Their mantas (shawls) are hand woven on traditional back strap looms.
Our tour group was invited to attend an informative session about their
methods and practices.
In fine native dress, typical of the Chinchero women, this very
intelligent spokesperson gave her demonstrations in fluent English.
She speaks at least three languages, including Spanish and her native
Quechua.
Abandoning modern equipment and yarns, these talented crafts persons have
revived the same traditional and ancient techniques used by their
ancestors.
Using only hand-spun wools, primarily from Alpaca animals, the yarns
are colored with traditional natural dyes made of herbs and plants.
Beautiful red colors are created from a fungus that grows on the pear
cactus plants.
Other colors come from boiling herbs and various plant substances.
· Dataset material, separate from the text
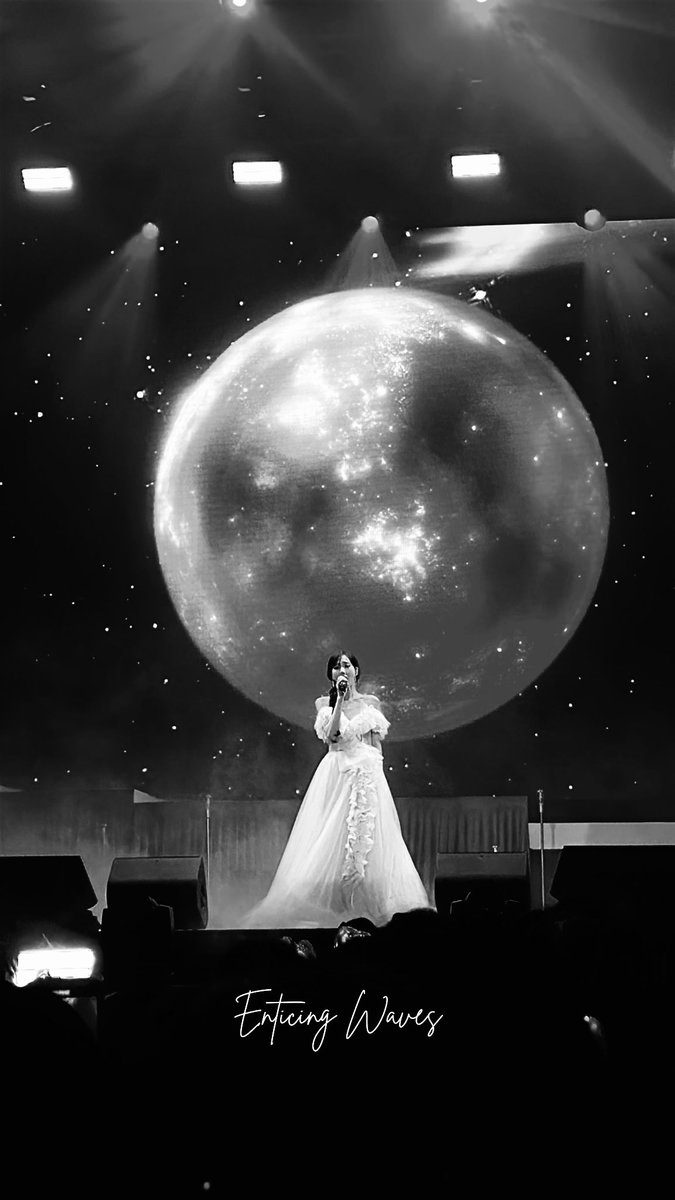 enticingwaves27's tweet photo. 250322 Tiffany @ Here For You fancon in Vietnam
Their methods are obviously more difficult and time consuming ways to
produce these fine crafts, but these women are sincerely devoted to keeping the
ancient skills and traditions alive.
Although both of these women are skillful “Weavers”, only the gal in
blue has the talent to weave my dreams into wonderful reality.
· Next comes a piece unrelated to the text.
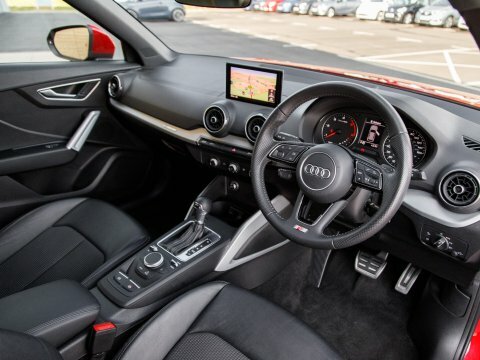 Audi Q2 Tdi S Line Red #4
It was after 7:30pm when we returned to Cusco after our very full day of
adventure.
We selected the Andes Café on Calle Procuradores.
It was recommended in someone else’s blog site and we decided to follow
their advice.
We found it to be a good and economical dinner spot.
Although the Mexican specialties were quite different than our
pre-conceived ideas, they were tasty.
The lovely fountain in the center of the Plaza de Armas was operating
tonight.
Often times, the waters are still and silent.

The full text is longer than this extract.